The reason that Italy, Spain and France previously were seen pushing hard for the ECB to act is that its purchases came without strings attached. To formally request EFSF/ESM purchases, a sovereign would face conditionality that would likely be codified into a memorandum of understanding. They understandably wanted to avoid the stigma that such would entail.
Another LTRO is also seems increasingly unlikely. Officials seem to grasp more than before that the linkages between banks and sovereigns needs to be broken or at least loosened. The LTRO increased the linkages. Italian banks, for example, have increased their sovereign bond holdings by about 85 bln euro (after borrowing about 255 bln euros in the 2 LTROs).
The founders of the European Union understood that Europe could only be built through crisis. It took the unification of Germany and the ERM crisis of the early 1990s to push countries beyond their ideological commitments to surrender monetary sovereignty. It seems clearer to resolution of the current crisis requires even greater unification.

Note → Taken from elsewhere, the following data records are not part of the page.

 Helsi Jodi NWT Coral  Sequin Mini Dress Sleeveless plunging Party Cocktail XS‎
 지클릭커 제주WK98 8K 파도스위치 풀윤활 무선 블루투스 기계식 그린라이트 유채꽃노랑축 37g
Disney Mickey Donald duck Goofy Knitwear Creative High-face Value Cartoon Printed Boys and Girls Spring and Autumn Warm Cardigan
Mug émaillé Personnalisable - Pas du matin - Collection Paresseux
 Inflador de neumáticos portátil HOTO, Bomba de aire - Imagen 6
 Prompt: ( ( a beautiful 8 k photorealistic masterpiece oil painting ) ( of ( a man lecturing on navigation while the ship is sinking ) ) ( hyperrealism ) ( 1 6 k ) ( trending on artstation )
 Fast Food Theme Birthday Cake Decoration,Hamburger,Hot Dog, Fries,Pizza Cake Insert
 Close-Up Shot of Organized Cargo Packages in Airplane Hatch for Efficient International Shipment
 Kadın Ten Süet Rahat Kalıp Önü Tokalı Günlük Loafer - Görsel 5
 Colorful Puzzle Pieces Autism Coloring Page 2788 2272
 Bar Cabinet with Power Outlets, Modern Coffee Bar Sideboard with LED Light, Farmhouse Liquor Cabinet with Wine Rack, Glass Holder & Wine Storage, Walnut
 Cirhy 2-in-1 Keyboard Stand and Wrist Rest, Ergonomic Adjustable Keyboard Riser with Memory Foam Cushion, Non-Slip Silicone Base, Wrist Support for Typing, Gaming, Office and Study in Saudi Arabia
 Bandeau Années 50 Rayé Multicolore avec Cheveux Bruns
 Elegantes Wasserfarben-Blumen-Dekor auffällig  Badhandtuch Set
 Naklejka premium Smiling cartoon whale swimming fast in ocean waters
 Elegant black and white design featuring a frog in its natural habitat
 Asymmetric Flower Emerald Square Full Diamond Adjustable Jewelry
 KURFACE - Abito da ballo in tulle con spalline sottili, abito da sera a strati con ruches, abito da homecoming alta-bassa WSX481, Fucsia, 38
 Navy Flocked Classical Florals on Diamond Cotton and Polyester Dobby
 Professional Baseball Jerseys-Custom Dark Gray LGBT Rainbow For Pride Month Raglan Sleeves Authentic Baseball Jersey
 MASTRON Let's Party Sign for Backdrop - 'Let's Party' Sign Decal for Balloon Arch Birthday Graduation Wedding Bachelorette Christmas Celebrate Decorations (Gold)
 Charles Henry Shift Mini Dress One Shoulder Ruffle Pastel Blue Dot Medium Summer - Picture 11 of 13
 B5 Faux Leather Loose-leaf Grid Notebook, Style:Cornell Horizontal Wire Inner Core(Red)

Yet,countries are understandably reluctant to give up fiscal and political sovereignty. What will it take to overcome this reluctance ? We know that officials in countries that have lost confidence of investors and are facing significant economic and social stress are more willing to cede authority. Even Spain’s Rajoy suggested willingness to cede fiscal authority.
This argues against the creditor nations (no Germany is not alone) relaxing the pressure very much through anything that looks like mutualization–which includes euro area wide deposit insurance, banks borrowing directly from the EFSF/ESM, or a joint bond. Just like nationalism destroy the globalization of the end of the 19th and early 20th centuries, nationalism now seems to be the single biggest obstacle to greater integration and unification of Europe.
In this context France is pivotal. It is still too strong to accept further loss of sovereignty, but it is too weak to offer a clear and meaningful alternative. Although we quickly identified Italy as critically vulnerable after the EU offered Spain a 100 bln euro backstop for its banks, France is the real challenge.
In many ways, France is more of a Mediterranean country than a North European country. It runs a significant trade deficit. It government expenditures as a percentage of GDP are among the highest in the euro area near 55% of GDP. Its banks are generally perceived to be weaker than say, Germany. Hollande will soon have to announce austerity measures, though he seemed to campaign against them.